Domino relies on Kubernetes network policies to manage secure communication between pods in the cluster. By default, the network plugin in GKE will not enforce these policies. To run Domino securely on GKE, you must enable enforcement of network policies.

Read the GKE documentation for instructions on enabling network policy enforcement for your cluster.


Dynamic block storage

The Domino installer will automatically create a storage class like the example below for use provisioning GCE persistent disks as execution volumes. No manual setup is necessary for this storage class.

apiVersion: storage.k8s.io/v1
kind: StorageClass
metadata:
  name: dominodisk
parameters:
  replication-type: none
  type: pd-standard
provisioner: kubernetes.io/gce-pd
reclaimPolicy: Delete
volumeBindingMode: WaitForFirstConsumer

Shared storage

A Cloud Filestore instance must be provisioned with at least 10T of capacity and it must be configured to allow access from the cluster. You will provide the IP address and mount path of this instance to the Domino installer, and it will create an NFS storage class like the below.

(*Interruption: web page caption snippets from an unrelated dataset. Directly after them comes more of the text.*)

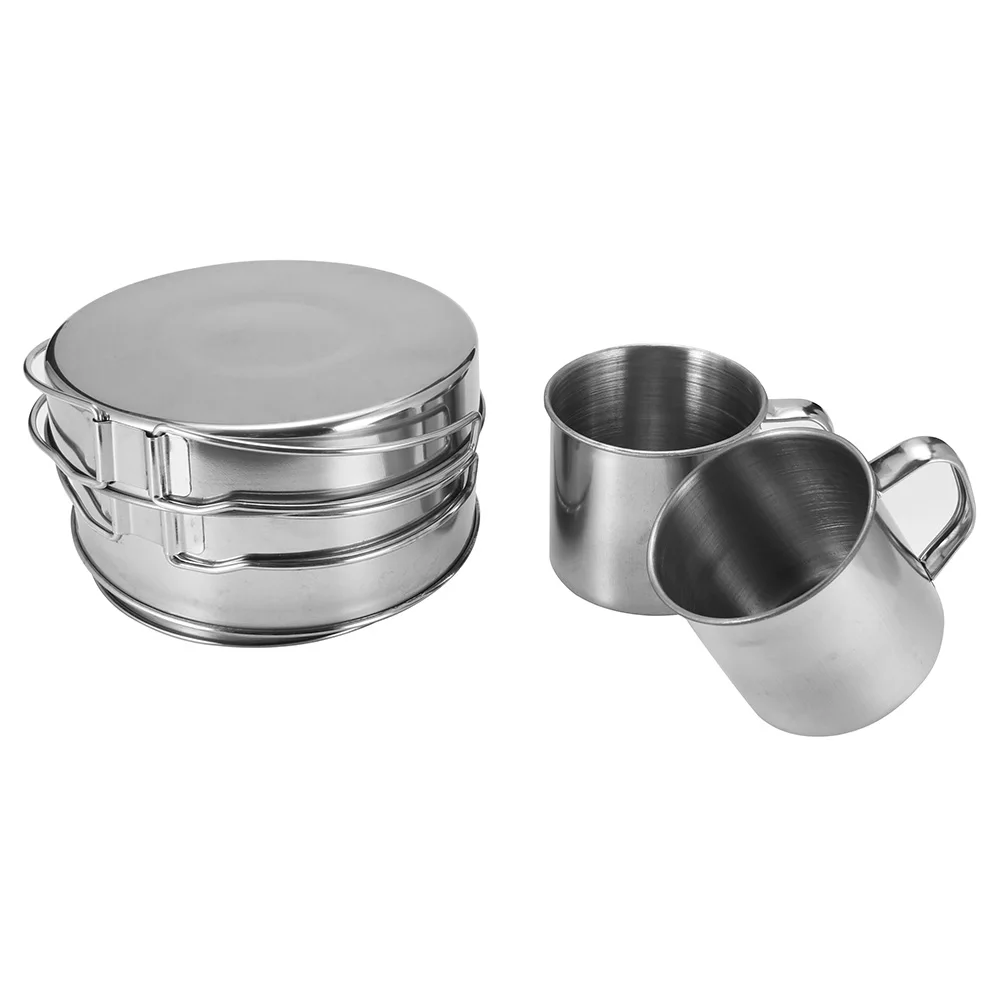 

8 PCS Camping Cookware Outdoor Camping Pot Set Cooking Set Cookware Tableware Stainless Steel Survival Equipment Set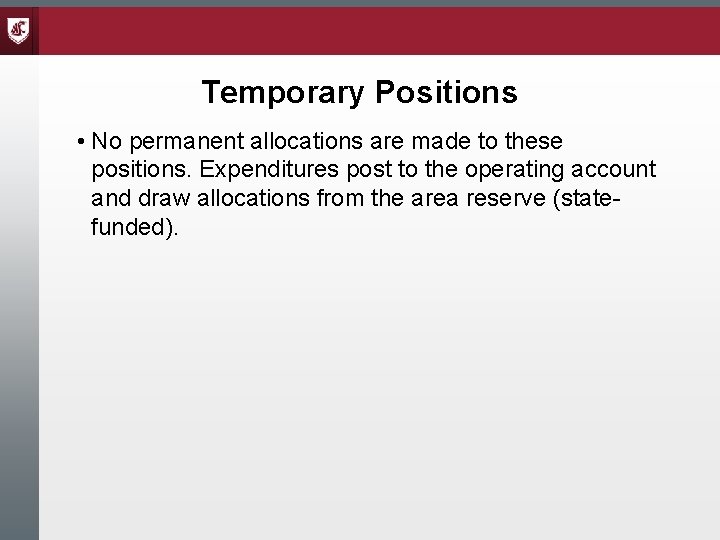 Temporary Positions • No permanent allocations are made to these positions. Expenditures post to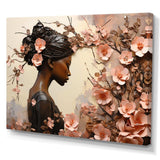 Gold and pink African american floral dance - Fashion Canvas Wall Art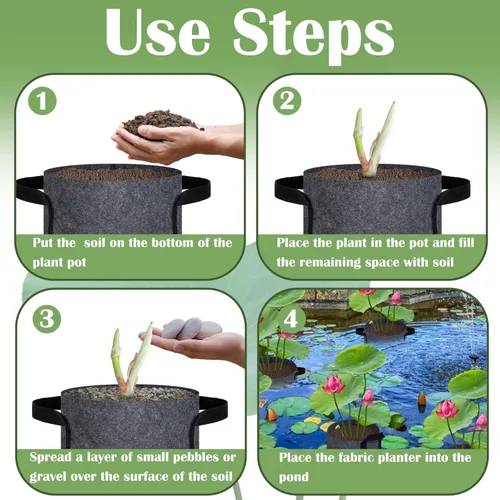 Miniatura 2 de DECOHS Paquete de 12 macetas acuáticas para estanque, macetas de tela reutilizables para plantas acuáticas, cestas de plantas de estanque 1 galón.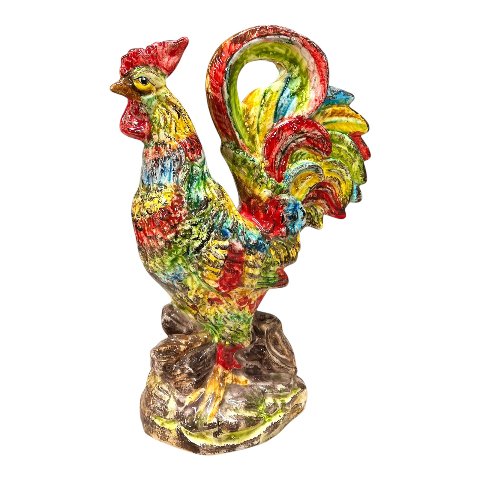 Gallo in ceramica siciliana decorato Produzione artigianale di Santo Stefano di Camastra h.33cm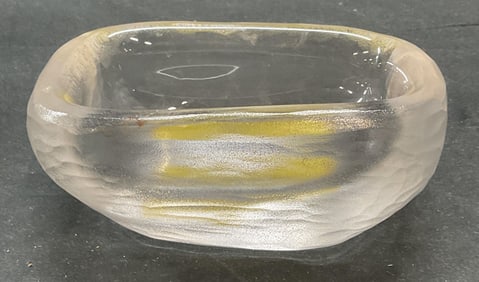 Signed Chiseled Art Glass Bowl
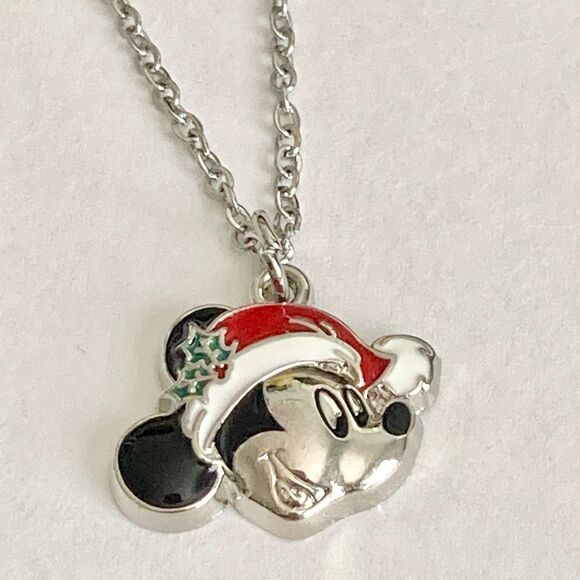 Vintage Disney Mickey Mouse Christmas Necklace Santa Hat 18" Chain Enamel Signed - Picture 6 of 9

allowVolumeExpansion: true
apiVersion: storage.k8s.io/v1
kind: StorageClass
metadata:
  labels:
    app.kubernetes.io/instance: nfs-client-provisioner
    app.kubernetes.io/managed-by: Tiller
    app.kubernetes.io/name: nfs-client-provisioner
    helm.sh/chart: nfs-client-provisioner-1.2.6-0.1.4
  name: domino-shared
parameters:
  archiveOnDelete: "false"
provisioner: cluster.local/nfs-client-provisioner
reclaimPolicy: Delete
volumeBindingMode: Immediate

Docker registry storage

You will need one Cloud Storage Bucket accessible from your cluster to be used for storing the internal Domino Docker Registry.


Domain

Domino will need to be configured to serve from a specific FQDN. To serve Domino securely over HTTPS, you will also need an SSL certificate that covers the chosen name. Record the FQDN for use when installing Domino. Once Domino is deployed into your cluster, you must set up DNS for this name to point to an HTTPS Cloud Load Balancer that has an SSL certificate for the chosen name, and forwards traffic to port 80 on your platform nodes.


Checking your GKE cluster

If you’ve applied the configurations described above to your GKE cluster, it should be able to run the Domino cluster requirements checker without errors. If the checker runs successfully, you are ready for Domino to be installed in the cluster.